Times in milliseconds. Full data: benchmarks/results_python.tsv
| Pair | Category | SMSD (ms) | RDKit (ms) | SMSD MCS | RDKit MCS |
|---|---|---|---|---|---|
| Cubane (self) | Cage | 0.003 | 0.241 | 8 | 8 |
| Adamantane (self) | Symmetric | 0.003 | 0.256 | 10 | 10 |
| Coronene (self) | PAH | 0.006 | 0.727 | 24 | 24 |
| NAD / NADH | Cofactor | 0.012 | timeout | 44 | 33 |
| Methane / Ethane | Trivial | 0.008 | 0.036 | 1 | 1 |
| Benzene / Phenol | Heteroatom | 0.011 | 0.155 | 6 | 6 |
| Benzene / Toluene | Aromatic | 0.014 | 0.286 | 6 | 6 |
| Caffeine / Theophylline | N-methyl diff | 0.016 | 0.354 | 13 | 13 |
| Guanine keto / enol | Tautomer | 0.005 | 0.280 | 11 | 10 |
| ATP / ADP | Nucleotide | 0.085 | 0.897 | 27 | 27 |
| Ibuprofen / Naproxen | NSAID | 0.069 | 3.5 | 15 | 15 |
| Morphine / Codeine | Alkaloid | 0.049 | 550.5 | 20 | 20 |
| Aspirin / Acetaminophen | Drug pair | 0.532 | 0.250 | 10 | 7 |
| RDKit known failure #1585 | Edge case | 25.0 | timeout | 29 | 24 |
| Strychnine / Quinine | Alkaloid | 39.6 | 437.9 | 19 | 21 |
| Atorvastatin / Rosuvastatin | Statin | 1 079 | 11.8 | 25 | 15 |
| Erythromycin / Azithromycin | Macrolide | 2 333 | timeout | 50 | 50 |
| Paclitaxel / Docetaxel | Taxane | 2 405 | timeout | 56 | 53 |
| PEG-12 / PEG-16 | Polymer | 2 591 | 2.2 | 40 | 40 |
Bold MCS = SMSD found a larger substructure than RDKit. timeout = 10 s limit reached.
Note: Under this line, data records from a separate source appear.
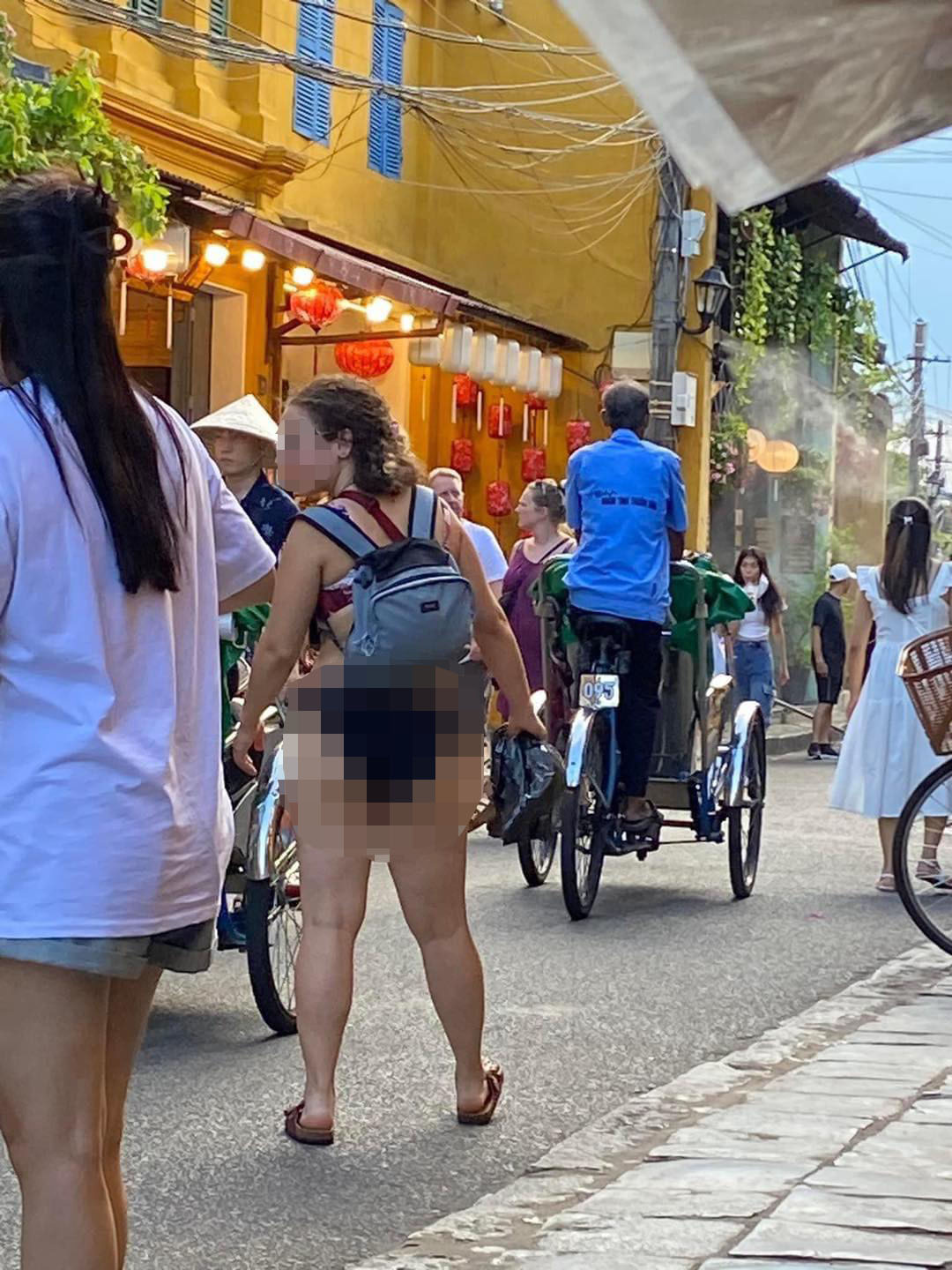 Nữ du khách nước ngoài vô tư mặc bikini để dạo phố cổ Hội An. Nhiều người cho rằng, hình ảnh này không phù hợp với 1 nơi như phố cổ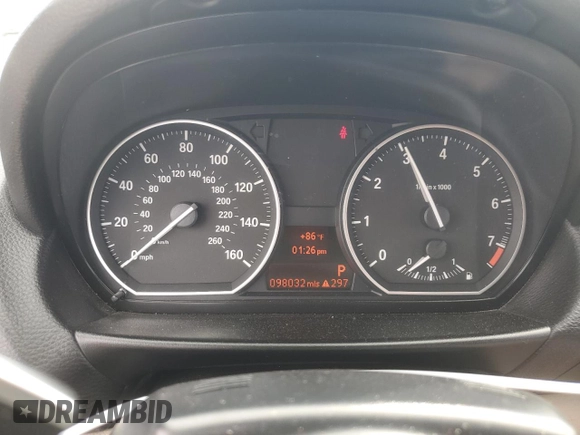 2012 BMW 1 Series 128i с VIN WBAUL7C53CVM82511, выставлен на аукционе Copart как лот 53169335 с пробегом 98 032 миль миль и Списание • Salvage title. История ставок и продаж доступна на DreamBid. Изображение 9.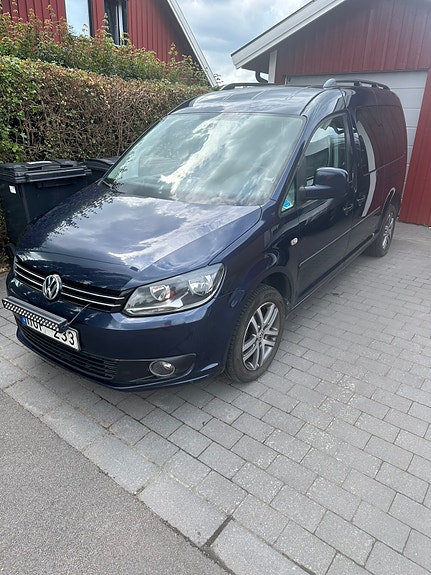 Volkswagen Caddy Maxi 2 of 9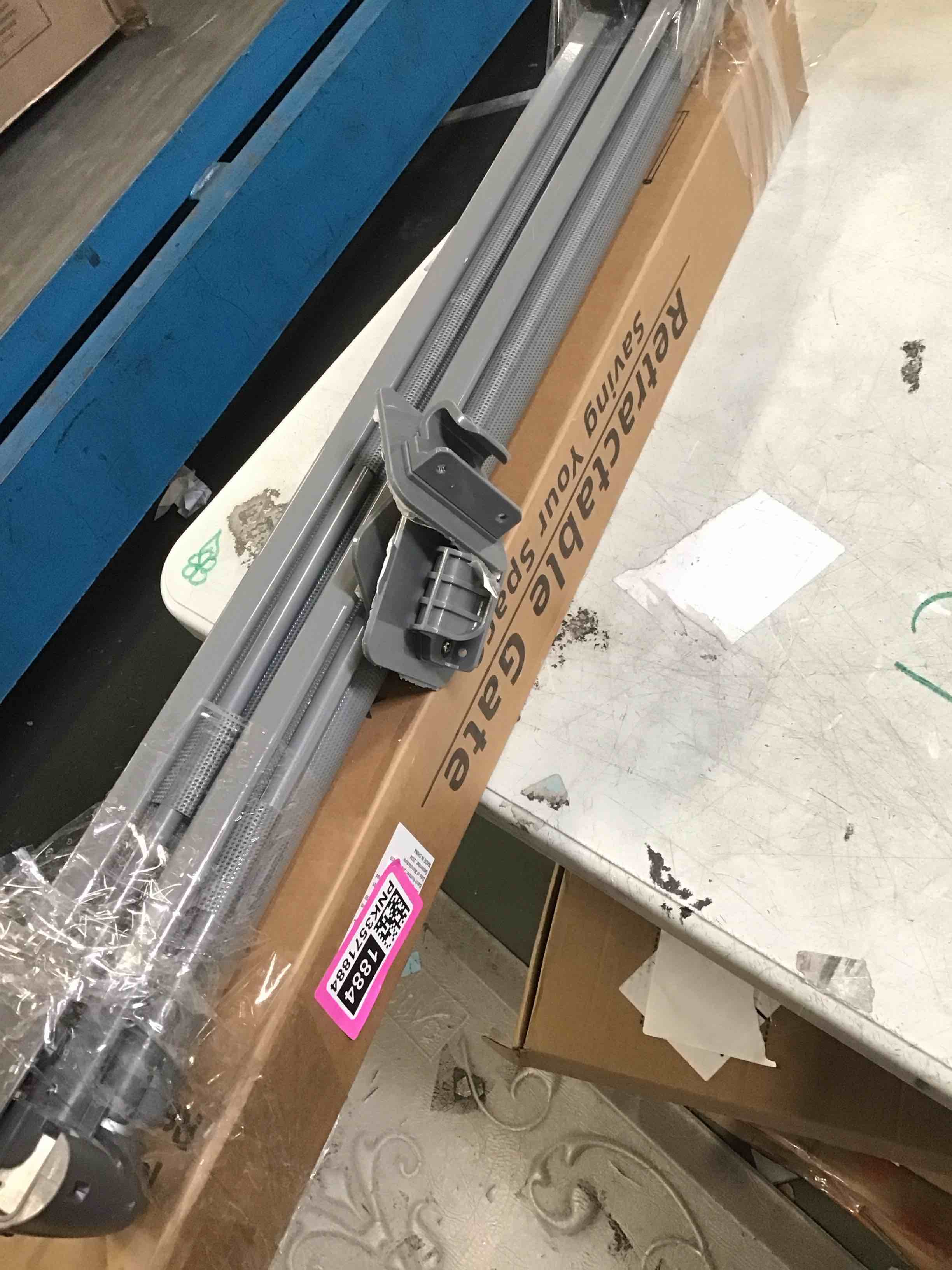 https://s3.amazonaws.com/lotting-images-prod/bidfta/PNK3571884_1750444817222.jpeg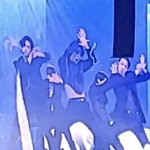 애들아 전정국 <b>크롭</b>티 입혀서 배 다깠어 ㅅㅂ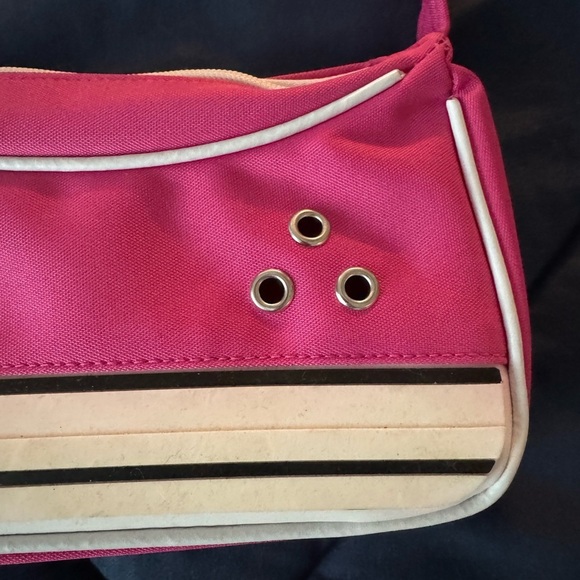 NWT Vintage Y2K Andice Converse inspired pink sneaker shoulder bag - Picture 3 of 5
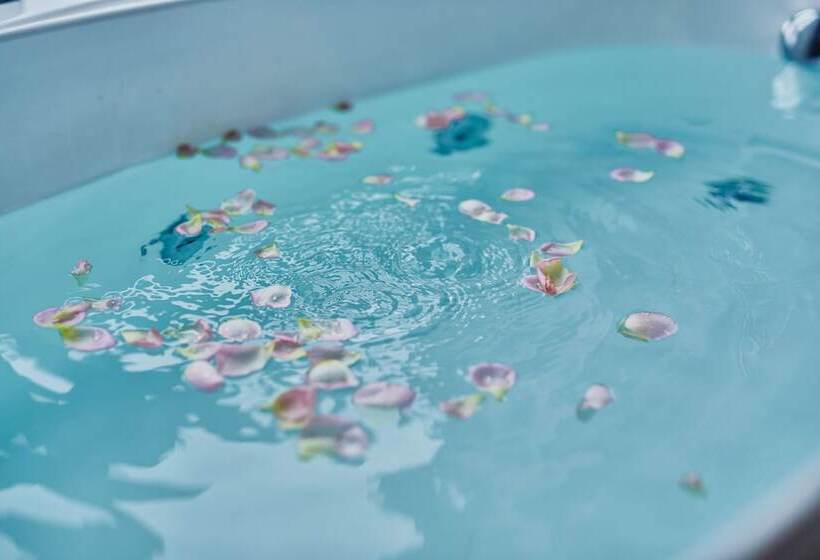 هتل Genuss Tam Dao Hideaway Retreats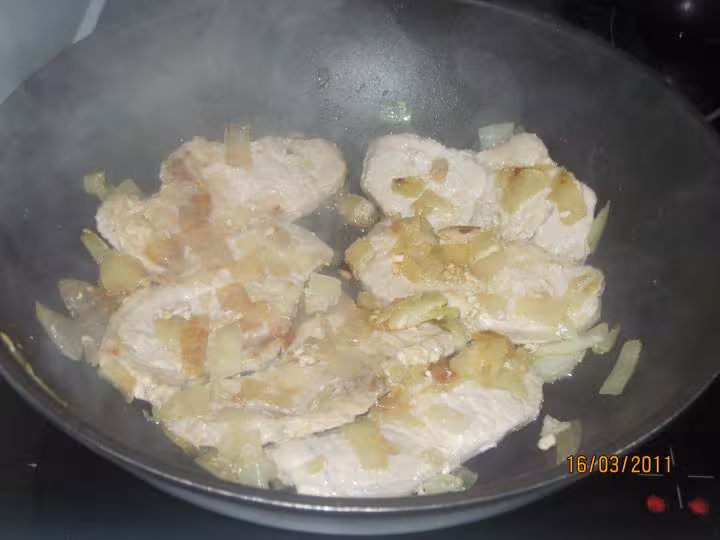 Escalopes de porc cuisinees un tournois d epices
On most drug-like molecules SMSD is considerably faster and finds the same or larger MCS.
The two cases where RDKit is quicker — Atorvastatin/Rosuvastatin and PEG — are both situations
where RDKit stops early with a smaller answer; SMSD keeps going to find the exact maximum.
Strychnine/Quinine (19 vs 21) reflects SMSD's default ring-topology constraint; passing
ChemOptions.fmcsProfile() reproduces RDKit's looser result.
Run python benchmarks/benchmark_python_vs_rdkit.py to reproduce on your own machine.
- 1 046 Java tests — heterocycles, reactions, drug pairs, tautomers, stereochemistry, ring perception, URF families, hydrogen handling, adversarial edge cases
- C++ tests — substructure, MCS, URF ring finder, hydrogen handling, canonical labeling, SMILES round-trip (Ubuntu / macOS / Windows)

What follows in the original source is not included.